Larry Ray Hafley
One remarkable fact adorns all true, sincere confessions of sin recorded in the Bible. It is peculiar to each person who genuinely sought forgiveness. What is this singular feature? No excuses for sin were offered!
The "one talent man" tried to justify himself (Matt. 25:25). He was not forgiven. The prodigal son of Luke 15 did not attempt to blame others for his failure. He did not appeal to mitigating circumstances. He was received and forgiven. Saul sought to blame "the people" (1 Sam. 15:15). He was refused and "rejected". David did not seek to blame Bathsheba for carelessly exposing herself to him. Rather, he said, "I have sinned against the Lord" (2 Sam. 12:13). He was restored. Adam blamed "the woman thou gavest to be with me" (Gen. 3:12). He was driven from the garden. The publican said, "God be merciful to me a sinner" (Lk. 18:13). He was "exalted" and "justified" in the sight of the Lord (Lk. 18:14).

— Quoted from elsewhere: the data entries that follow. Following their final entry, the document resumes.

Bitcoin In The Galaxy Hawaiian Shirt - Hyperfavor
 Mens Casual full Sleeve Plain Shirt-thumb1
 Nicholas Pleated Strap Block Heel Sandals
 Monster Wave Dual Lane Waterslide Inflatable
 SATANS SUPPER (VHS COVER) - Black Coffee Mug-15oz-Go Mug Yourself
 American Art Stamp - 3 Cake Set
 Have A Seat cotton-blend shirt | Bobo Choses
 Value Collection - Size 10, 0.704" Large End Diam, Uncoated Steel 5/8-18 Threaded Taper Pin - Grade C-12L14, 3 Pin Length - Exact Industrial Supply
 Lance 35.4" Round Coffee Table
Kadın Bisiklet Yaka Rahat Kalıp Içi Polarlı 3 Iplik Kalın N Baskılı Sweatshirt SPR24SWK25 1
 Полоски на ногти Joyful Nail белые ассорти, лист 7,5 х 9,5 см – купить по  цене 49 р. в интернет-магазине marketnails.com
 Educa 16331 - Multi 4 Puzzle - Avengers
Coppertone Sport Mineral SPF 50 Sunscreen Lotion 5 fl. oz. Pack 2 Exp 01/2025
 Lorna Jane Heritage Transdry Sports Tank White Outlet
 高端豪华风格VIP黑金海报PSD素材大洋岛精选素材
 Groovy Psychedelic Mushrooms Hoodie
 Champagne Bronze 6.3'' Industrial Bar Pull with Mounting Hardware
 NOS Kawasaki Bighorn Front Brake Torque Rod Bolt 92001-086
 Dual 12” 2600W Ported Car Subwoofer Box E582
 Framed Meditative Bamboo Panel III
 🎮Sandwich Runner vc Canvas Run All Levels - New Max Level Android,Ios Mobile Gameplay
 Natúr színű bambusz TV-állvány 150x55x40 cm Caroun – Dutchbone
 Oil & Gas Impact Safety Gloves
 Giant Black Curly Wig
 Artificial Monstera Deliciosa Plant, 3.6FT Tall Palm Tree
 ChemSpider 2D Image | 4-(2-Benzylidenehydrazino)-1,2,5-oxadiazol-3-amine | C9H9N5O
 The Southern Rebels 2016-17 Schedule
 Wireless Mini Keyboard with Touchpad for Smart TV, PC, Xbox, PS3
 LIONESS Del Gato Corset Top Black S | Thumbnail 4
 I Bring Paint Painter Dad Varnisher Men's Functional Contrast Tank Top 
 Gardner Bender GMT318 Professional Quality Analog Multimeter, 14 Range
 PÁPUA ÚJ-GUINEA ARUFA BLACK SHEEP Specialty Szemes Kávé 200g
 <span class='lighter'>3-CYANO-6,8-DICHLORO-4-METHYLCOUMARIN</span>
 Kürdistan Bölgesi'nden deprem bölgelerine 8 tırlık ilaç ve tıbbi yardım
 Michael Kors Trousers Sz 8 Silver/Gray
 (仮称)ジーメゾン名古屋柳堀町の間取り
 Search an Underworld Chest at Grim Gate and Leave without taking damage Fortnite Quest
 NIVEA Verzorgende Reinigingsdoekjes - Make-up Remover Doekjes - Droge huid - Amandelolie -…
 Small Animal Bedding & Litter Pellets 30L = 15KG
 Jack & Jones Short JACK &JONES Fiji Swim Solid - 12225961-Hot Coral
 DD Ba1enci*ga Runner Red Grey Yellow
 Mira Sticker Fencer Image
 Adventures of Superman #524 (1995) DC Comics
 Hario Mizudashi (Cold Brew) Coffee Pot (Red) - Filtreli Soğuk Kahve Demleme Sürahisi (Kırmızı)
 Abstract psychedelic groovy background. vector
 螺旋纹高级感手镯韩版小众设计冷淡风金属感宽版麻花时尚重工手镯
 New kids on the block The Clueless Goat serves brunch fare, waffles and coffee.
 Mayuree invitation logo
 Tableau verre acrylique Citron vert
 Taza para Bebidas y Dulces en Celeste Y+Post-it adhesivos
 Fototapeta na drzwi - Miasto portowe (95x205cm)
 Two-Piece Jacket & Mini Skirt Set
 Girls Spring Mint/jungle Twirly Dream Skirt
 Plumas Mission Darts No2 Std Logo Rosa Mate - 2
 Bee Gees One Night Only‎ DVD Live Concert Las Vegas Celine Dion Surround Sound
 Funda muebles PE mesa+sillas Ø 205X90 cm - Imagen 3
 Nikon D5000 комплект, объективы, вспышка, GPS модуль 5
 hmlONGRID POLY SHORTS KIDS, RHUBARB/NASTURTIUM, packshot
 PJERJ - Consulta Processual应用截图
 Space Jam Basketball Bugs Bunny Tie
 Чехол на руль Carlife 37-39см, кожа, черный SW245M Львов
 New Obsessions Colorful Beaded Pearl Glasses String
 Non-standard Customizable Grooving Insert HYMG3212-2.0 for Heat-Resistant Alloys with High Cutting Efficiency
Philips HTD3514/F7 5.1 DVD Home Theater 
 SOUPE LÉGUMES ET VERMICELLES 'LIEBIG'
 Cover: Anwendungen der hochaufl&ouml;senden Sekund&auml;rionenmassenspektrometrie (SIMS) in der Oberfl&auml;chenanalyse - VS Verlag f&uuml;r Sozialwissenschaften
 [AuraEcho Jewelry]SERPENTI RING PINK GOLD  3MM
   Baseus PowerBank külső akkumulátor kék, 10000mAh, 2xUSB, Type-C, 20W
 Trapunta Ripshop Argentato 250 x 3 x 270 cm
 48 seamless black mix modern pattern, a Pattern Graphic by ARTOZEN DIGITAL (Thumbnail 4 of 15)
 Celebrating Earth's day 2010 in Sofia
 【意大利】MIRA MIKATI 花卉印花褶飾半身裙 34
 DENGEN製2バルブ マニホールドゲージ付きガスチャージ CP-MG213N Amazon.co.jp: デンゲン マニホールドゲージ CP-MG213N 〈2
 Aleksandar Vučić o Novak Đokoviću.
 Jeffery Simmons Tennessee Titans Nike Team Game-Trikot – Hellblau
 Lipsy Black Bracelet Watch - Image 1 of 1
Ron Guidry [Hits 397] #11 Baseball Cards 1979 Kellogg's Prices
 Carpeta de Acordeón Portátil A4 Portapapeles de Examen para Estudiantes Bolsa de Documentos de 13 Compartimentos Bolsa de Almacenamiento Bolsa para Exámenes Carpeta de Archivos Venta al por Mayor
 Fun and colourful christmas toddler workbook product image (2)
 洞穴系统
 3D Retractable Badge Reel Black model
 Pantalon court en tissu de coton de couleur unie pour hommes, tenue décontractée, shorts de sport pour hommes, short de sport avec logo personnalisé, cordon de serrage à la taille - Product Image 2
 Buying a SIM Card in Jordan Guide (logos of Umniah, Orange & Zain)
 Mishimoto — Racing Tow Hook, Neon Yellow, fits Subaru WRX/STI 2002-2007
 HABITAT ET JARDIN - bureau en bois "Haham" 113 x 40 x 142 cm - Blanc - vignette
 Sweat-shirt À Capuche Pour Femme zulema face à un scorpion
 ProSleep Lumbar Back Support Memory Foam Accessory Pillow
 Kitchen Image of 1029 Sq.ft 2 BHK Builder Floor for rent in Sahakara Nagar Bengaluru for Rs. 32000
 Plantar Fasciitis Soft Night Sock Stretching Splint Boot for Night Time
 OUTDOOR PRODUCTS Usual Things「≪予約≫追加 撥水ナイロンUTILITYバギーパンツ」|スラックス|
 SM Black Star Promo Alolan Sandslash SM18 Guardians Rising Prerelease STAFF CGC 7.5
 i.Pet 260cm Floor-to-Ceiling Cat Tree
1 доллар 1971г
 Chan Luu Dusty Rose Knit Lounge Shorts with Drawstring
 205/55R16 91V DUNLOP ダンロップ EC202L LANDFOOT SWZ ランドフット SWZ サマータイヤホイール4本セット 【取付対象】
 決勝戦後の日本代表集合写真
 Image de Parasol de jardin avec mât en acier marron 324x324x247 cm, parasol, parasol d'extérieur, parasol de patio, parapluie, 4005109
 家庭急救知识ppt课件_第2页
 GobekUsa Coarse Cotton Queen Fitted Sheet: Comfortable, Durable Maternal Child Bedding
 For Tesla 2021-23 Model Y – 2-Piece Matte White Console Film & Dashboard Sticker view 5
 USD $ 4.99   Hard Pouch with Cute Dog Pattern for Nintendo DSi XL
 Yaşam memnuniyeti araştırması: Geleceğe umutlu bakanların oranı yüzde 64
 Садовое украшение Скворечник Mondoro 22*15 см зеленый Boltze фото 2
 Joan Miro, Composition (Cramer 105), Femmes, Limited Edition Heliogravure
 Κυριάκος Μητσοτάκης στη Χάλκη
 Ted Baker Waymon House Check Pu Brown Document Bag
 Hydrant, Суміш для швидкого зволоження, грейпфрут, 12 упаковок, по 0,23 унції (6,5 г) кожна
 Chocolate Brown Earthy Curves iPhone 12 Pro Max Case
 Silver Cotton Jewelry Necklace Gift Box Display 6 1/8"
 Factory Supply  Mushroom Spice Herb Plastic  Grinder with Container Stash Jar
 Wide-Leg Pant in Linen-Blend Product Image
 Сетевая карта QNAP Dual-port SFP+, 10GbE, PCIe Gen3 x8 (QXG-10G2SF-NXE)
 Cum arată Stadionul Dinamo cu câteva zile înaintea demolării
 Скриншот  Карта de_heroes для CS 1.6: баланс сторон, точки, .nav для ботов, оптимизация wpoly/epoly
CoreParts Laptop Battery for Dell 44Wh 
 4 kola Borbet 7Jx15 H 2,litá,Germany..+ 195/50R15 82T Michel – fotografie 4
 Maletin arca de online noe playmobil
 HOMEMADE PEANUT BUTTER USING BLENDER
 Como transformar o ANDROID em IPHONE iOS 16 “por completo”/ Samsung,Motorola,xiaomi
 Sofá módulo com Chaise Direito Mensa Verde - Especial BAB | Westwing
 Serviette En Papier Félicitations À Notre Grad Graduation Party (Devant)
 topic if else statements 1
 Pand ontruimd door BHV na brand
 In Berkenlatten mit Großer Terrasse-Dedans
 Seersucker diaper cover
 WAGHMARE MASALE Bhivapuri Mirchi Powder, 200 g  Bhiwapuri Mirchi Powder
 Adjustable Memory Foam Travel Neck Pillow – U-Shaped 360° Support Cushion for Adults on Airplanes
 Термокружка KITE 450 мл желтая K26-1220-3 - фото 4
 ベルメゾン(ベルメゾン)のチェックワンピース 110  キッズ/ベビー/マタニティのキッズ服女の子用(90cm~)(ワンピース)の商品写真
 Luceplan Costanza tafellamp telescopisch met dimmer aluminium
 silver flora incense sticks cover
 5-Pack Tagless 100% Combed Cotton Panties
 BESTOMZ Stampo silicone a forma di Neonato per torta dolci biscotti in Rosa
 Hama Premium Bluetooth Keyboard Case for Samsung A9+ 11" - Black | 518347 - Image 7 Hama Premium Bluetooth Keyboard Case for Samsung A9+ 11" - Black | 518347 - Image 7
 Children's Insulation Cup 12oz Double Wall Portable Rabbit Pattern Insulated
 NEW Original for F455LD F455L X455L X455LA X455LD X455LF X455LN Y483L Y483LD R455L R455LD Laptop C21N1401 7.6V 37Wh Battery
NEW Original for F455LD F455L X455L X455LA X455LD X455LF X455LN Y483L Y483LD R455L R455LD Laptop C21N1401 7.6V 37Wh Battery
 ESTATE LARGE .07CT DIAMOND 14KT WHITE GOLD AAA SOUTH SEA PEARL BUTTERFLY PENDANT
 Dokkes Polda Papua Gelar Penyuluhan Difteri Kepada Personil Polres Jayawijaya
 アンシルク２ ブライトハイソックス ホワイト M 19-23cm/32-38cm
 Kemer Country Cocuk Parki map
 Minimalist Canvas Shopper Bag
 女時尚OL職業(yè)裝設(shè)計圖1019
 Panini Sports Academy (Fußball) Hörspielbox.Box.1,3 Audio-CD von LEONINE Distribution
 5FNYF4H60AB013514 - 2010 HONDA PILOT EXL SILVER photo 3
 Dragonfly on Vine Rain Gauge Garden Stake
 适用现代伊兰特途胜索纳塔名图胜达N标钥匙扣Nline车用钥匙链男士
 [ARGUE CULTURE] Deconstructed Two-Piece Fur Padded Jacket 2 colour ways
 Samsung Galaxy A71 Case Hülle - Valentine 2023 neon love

While there may be contributing factors to our sins, that is not the point. The fact is that we have sinned. All our "reasons" which explain why we did what we did are to no avail. As transgressors, we stand condemned, regardless of the causes. Consider the prophet who was deceived in 1 Kings 13. Surely, we sympathize with him, but if he had obeyed God, if he had done what God told him to do, he would never have come to ruin. Though our sins may be inadvertent and though they may be caused by unforeseen factors, the bottom line is that we have sinned, and we need to be forgiven.
At such a time, let there be no excuses. Let there be no finger pointing at another--"it’s all his fault; if it were not for him, I would not have...." Forget it. What is done is done. Now, I must simply come in humble boldness and say, "Father, I have sinned against heaven and before thee, and am no more worthy to be called thy son." "Against thee, and thee only have I sinned, and done this great evil in thy sight."
Where is this lesson more needed than in the home? In every relationship of life, peace and happiness come more richly to those who can say, without excuse, "I have sinned. Please forgive me." Having done that, you may rest in confidence of God’s favor and fellowship (1 Jn. 1:9).